-------- Data for review

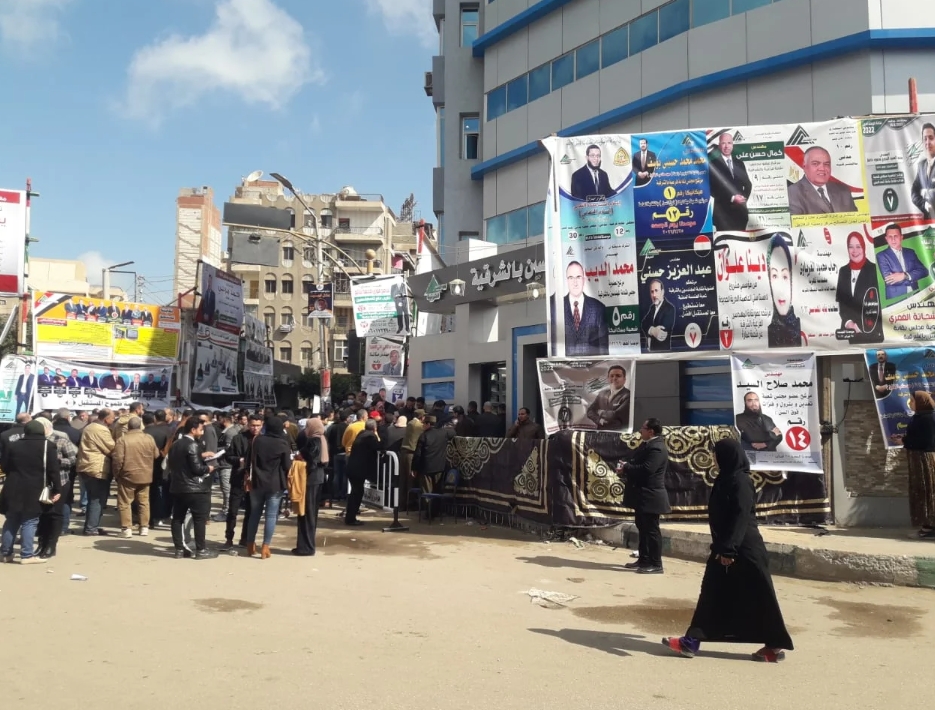 انتخابات نقابة المهندسين بالشرقية 03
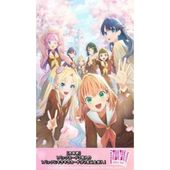 ��ͽ��5��1��ȯ��ͽ��ۥ�֥饤�� ���ե�����륫���ɥ����� �ץ�ߥ���֡������� ϡ�ζ����ر��������륢���ɥ륯��� BOX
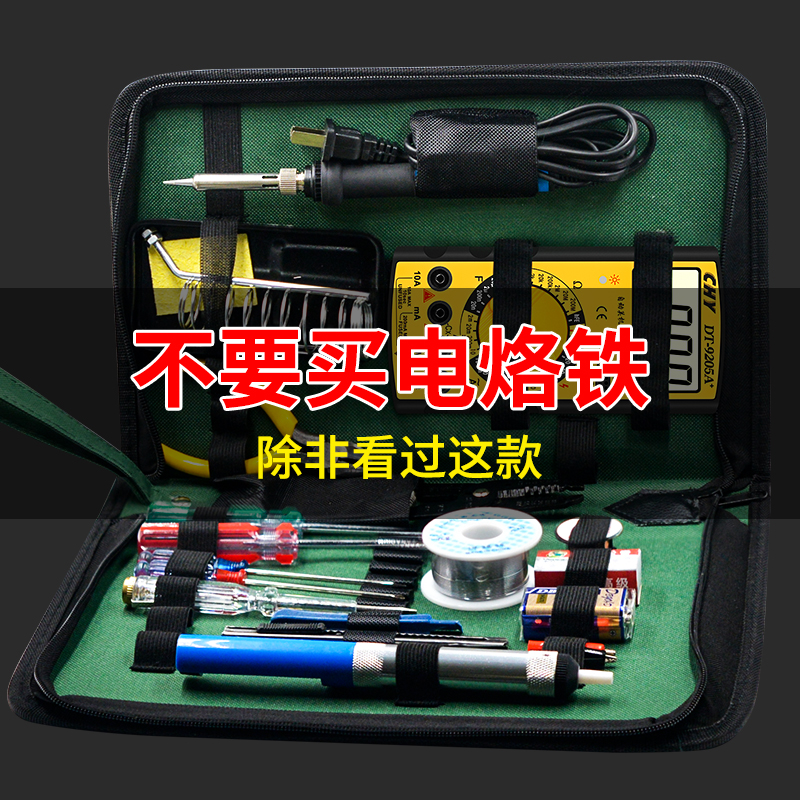 电烙铁2件装家用学生焊接电子电脑维修工具电烙焊笔工业级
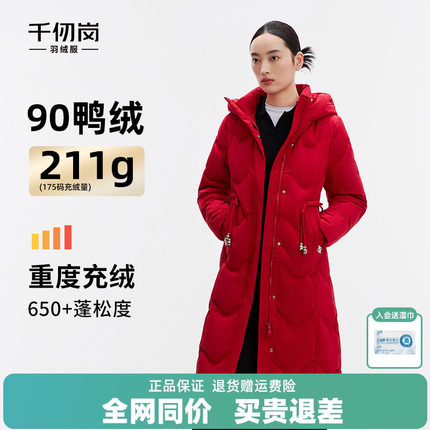 千仞岗冬季女士过膝长款保暖加厚羽绒服外套女新红中老年送妈妈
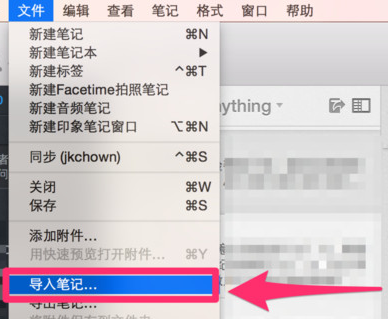 印象筆記怎么導(dǎo)入pdf-印象筆記導(dǎo)入pdf的方法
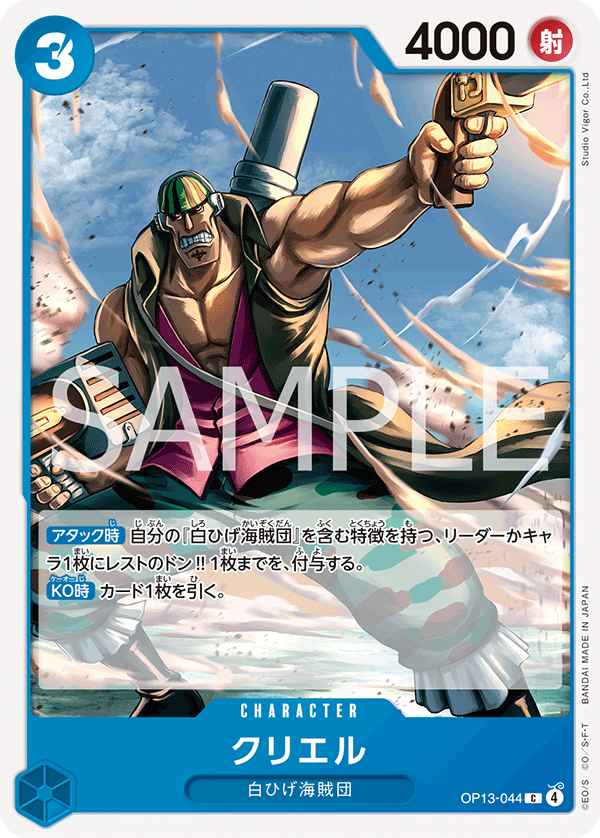 Curiel, BOOSTER PACK: CARRYING ON HIS WILL #044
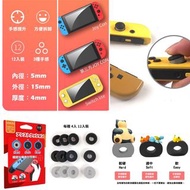 ［Hi］良值Nintendo Switch手柄輔助用海綿 單售一組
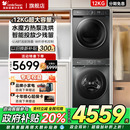 10KG热泵烘干衣组合618P 12KG洗衣机 水魔方 小天鹅洗烘套装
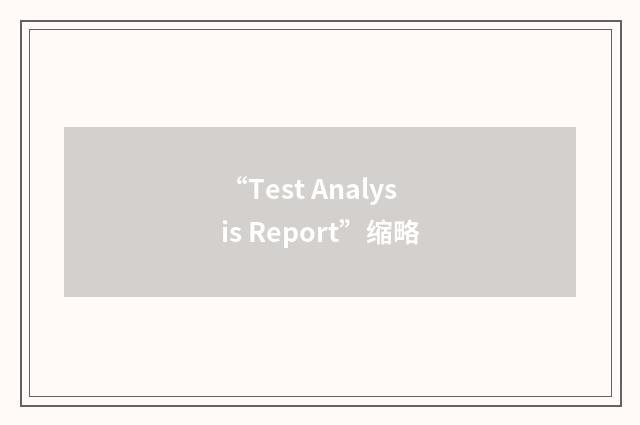 “Test Analysis Report”缩略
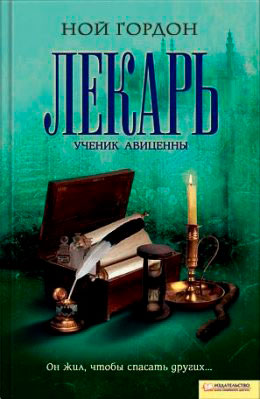 Лекарь. Ученик Авиценны читать онлайн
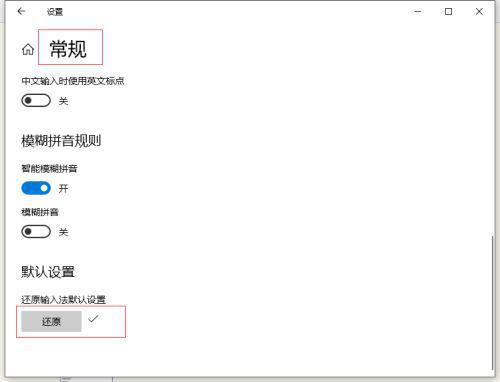 Win10中文输入法不展示文字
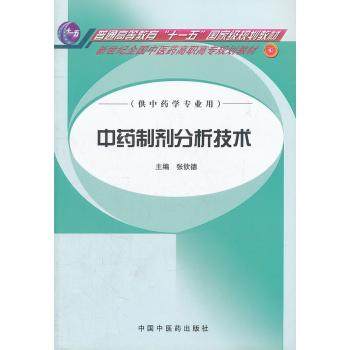 中药制剂分析技术中药专业中药制剂专门化和药剂专业药物分析专门化中对中药制剂分析技术课程教学计划要求编写中国中医药出版社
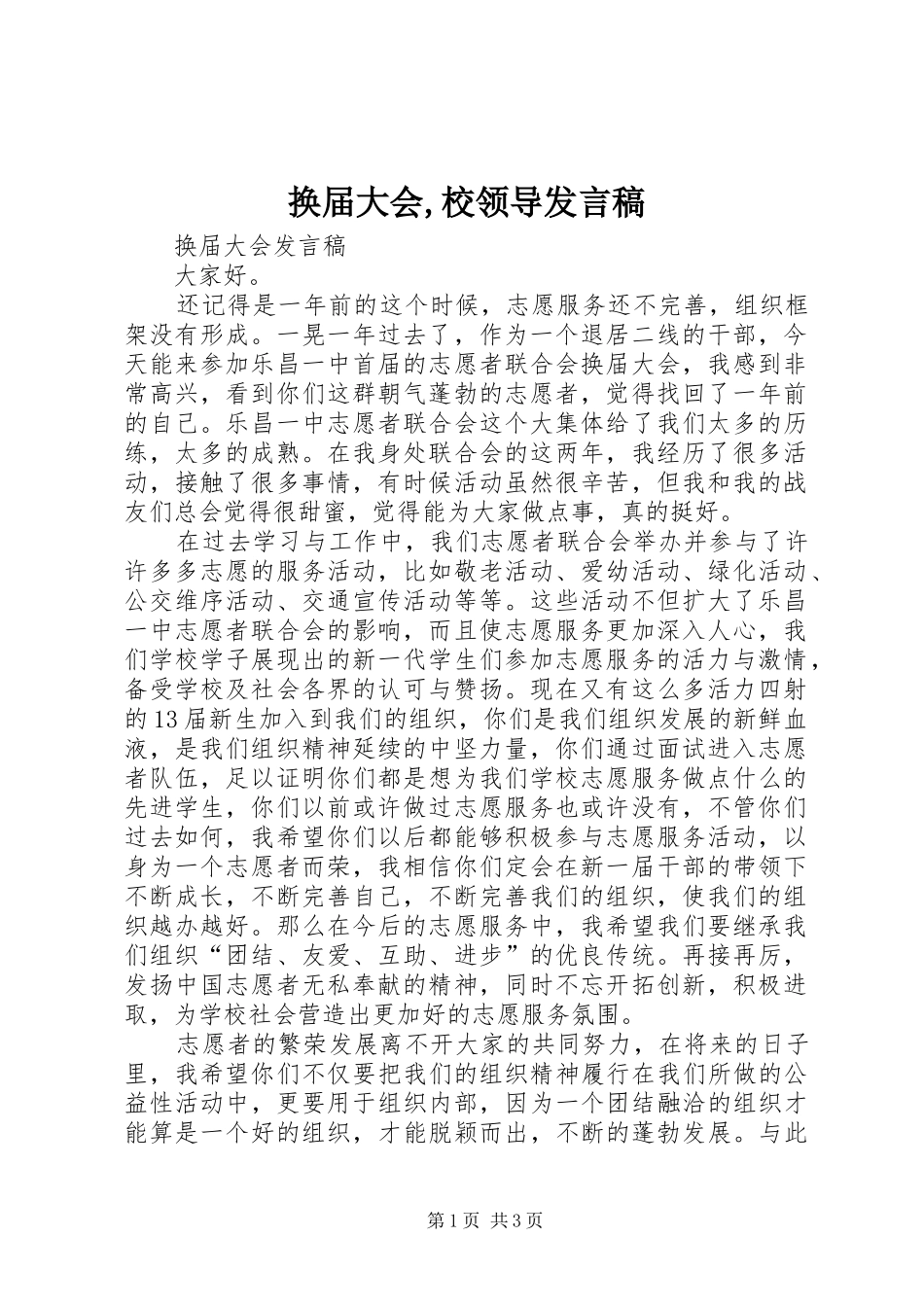 换届大会,校领导发言_第1页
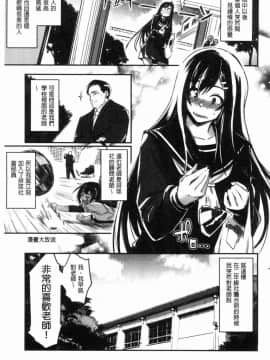 [風的工房][左手太郎] キスして、先生。 親吻我吧、老師。_169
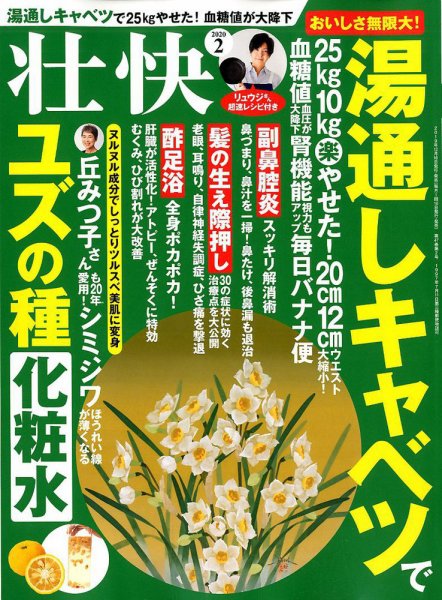 壮快 2020年2月号 (発売日2019年12月16日) 表紙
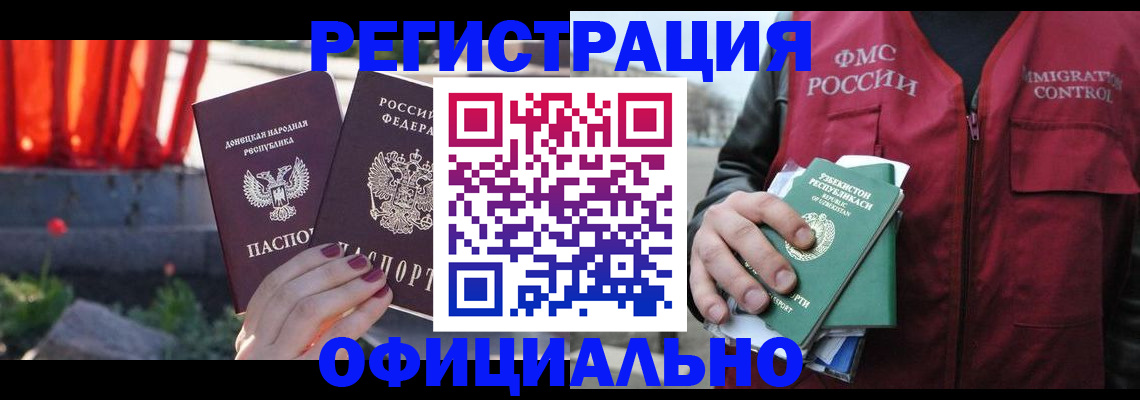 временная регистрация недорого в Муравленко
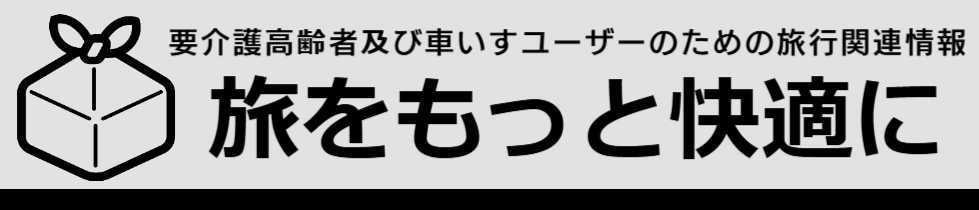 ホテル都道府県別２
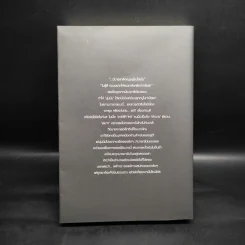 Box Set นายคะอย่ามาอ่อย - เจ้าหญิงผู้เลอโฉม รูปที่ 5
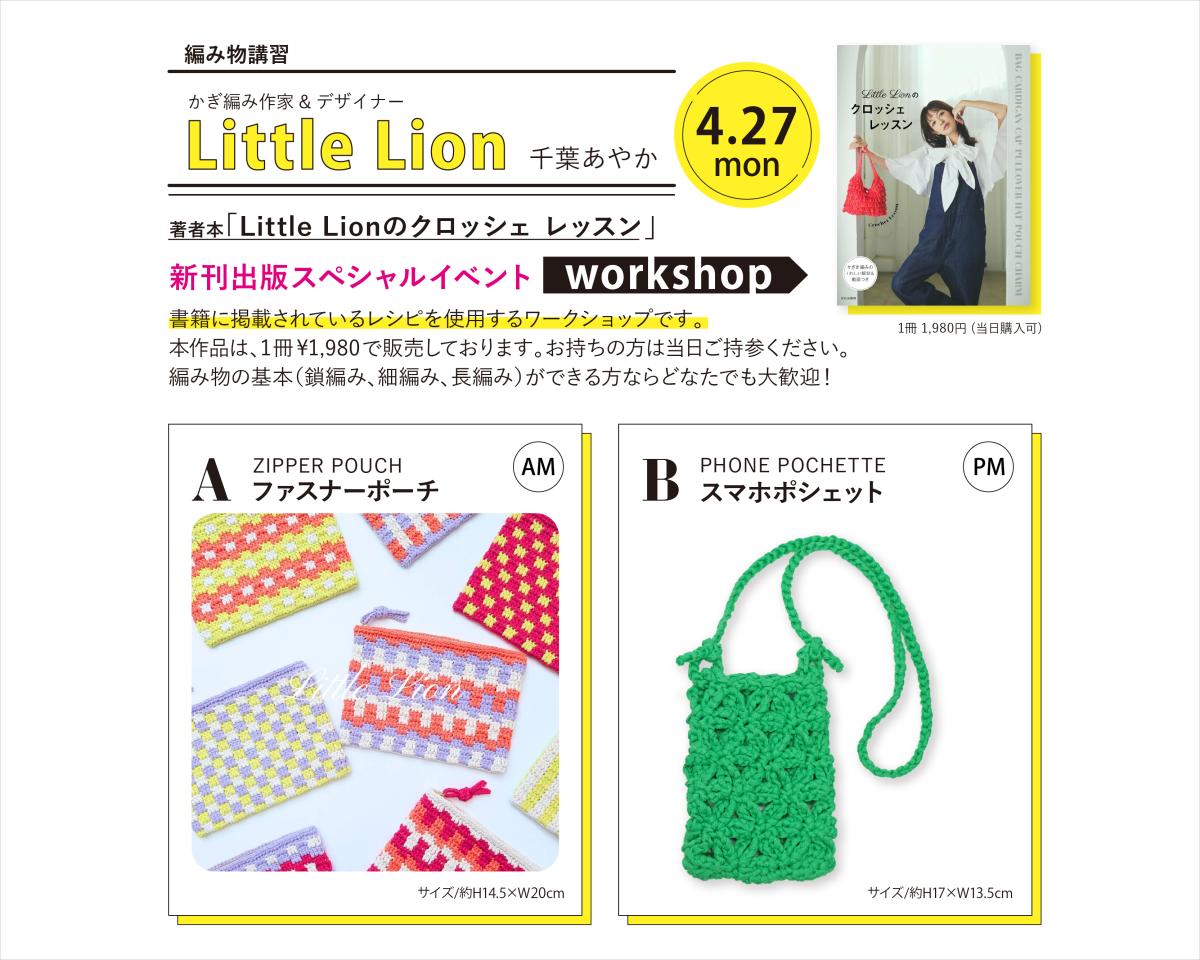 4/27（月）Little Lion（リトルライオン） 千葉あやか先生　編み物講習会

----------------

Work to be completed:
Everything from the line with "Curiel, BOOSTER PACK: CARRYING" through the last line of the listing should be retyped exactly, with both end lines kept and the pictures left out.

Problem solution:
 Curiel, BOOSTER PACK: CARRYING ON HIS WILL #044
 ［Hi］良值Nintendo Switch手柄輔助用海綿 單售一組
 10KG热泵烘干衣组合618P 12KG洗衣机 水魔方 小天鹅洗烘套装
 “Test Analysis Report”缩略
 Лекарь. Ученик Авиценны читать онлайн
 Win10中文输入法不展示文字
 中药制剂分析技术中药专业中药制剂专门化和药剂专业药物分析专门化中对中药制剂分析技术课程教学计划要求编写中国中医药出版社
 换届大会,校领导发言_第1页
 [風的工房][左手太郎] キスして、先生。 親吻我吧、老師。_169
 壮快 2020年2月号 (発売日2019年12月16日) 表紙
 временная регистрация недорого в Муравленко
 ホテル都道府県別２
 Box Set นายคะอย่ามาอ่อย - เจ้าหญิงผู้เลอโฉม รูปที่ 5
 4/27（月）Little Lion（リトルライオン） 千葉あやか先生　編み物講習会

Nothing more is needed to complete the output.